It seems that every time I attend a presentation, usually at a conference, given by a Googler, it starts with the disclaimer "I am not a marketing person...". The narrative from there can devolve into a rif against the evils of sales and marketing people and the comparative virtues of engineers. Despite the hyperbole, they do have a point. Marketing without good engineering is just snake oil sales.
Here are three virtues of engineering that I appreciate the most:
- Desire to build a better mouse trap: Good engineers want to be useful and solve problems. Engineers don't want to work on something that is not really a problem, or that is invented just to serve some other purpose.
- Disdain for waste or duplication of effort: Engineers want to share their work so those that come after them can build on top of their efforts instead of wasting effort relearning what has already been learned by someone else. While this does not always result in good documentation, it does produce a collaborative atmosphere with vibrant knowledge sharing.

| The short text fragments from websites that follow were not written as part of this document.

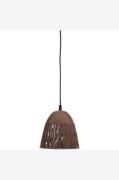 WOOOD - Arleso Hængelampe - Brun - Loftlamper - - Homeroom
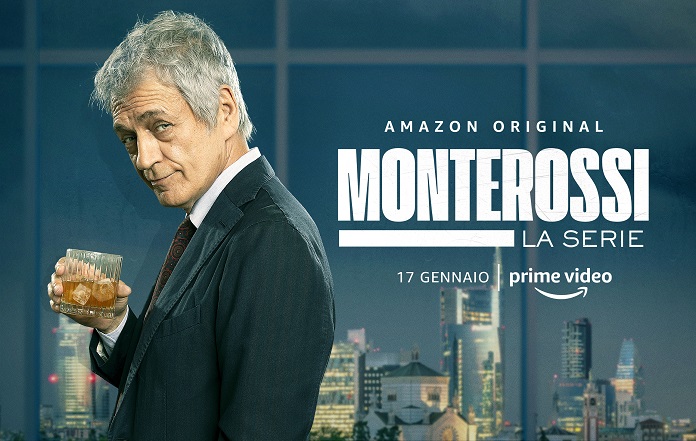 Monterossi Serie TV Prime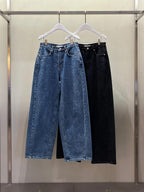 百搭牛仔褲 2色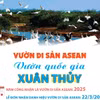 Vườn Quốc gia Xuân Thủy - Vườn di sản ASEAN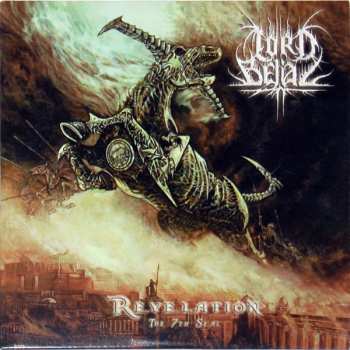 CD Lord Belial: Revelation - The 7th Seal 464485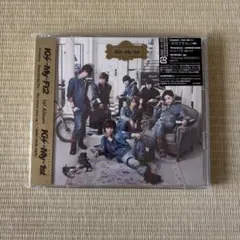 Kis-My-Ft2 CD アルバム Kis-My-1st【初回限定】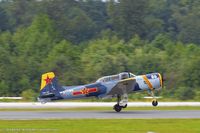 N21790 - Nanchang China CJ-6  C/N 4232022, N21790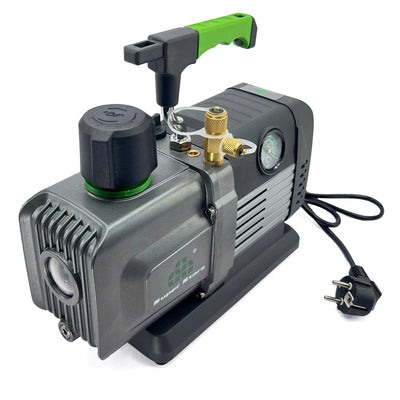 Bơm hút chân không Super Stars ST-4BM 4.5CFM, động cơ 2 cấp, tốc độ hút 127 Lít/phút, dùng điện 220V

- Thirst for customer feedback: Engineers want to know as much as possible about the customer experience using their product. If you give engineers a choice between the good news (compliments) and the bad news (criticisms) they will take the bad news because it will help make the product better.

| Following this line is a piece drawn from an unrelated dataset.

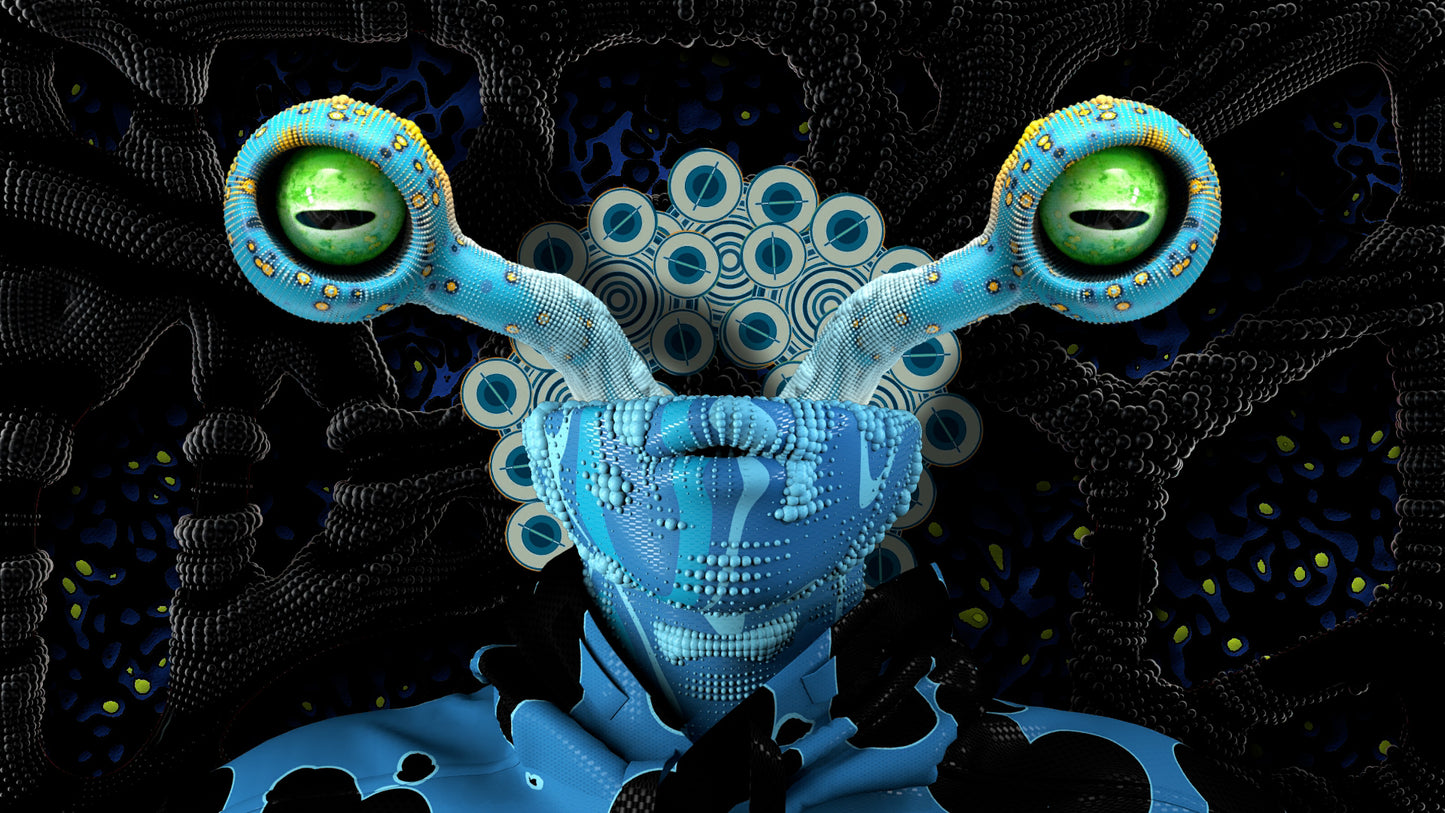 Cloner Creatures 4 (Loops)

These traits are encouraged in engineering departments because most engineering departments are set up like academic institutions where sharing knowledge is rewarded and failures are celebrated as long as there is strong thinking behind them.
Marketing people that think like engineers apply these same virtues to their objectives. They want to get their product into the hands of people that can use it, they don't hoard data, and they want to know the real numbers.
The people running marketing departments need to think about how to create an environment that encourages marketers to market like engineers.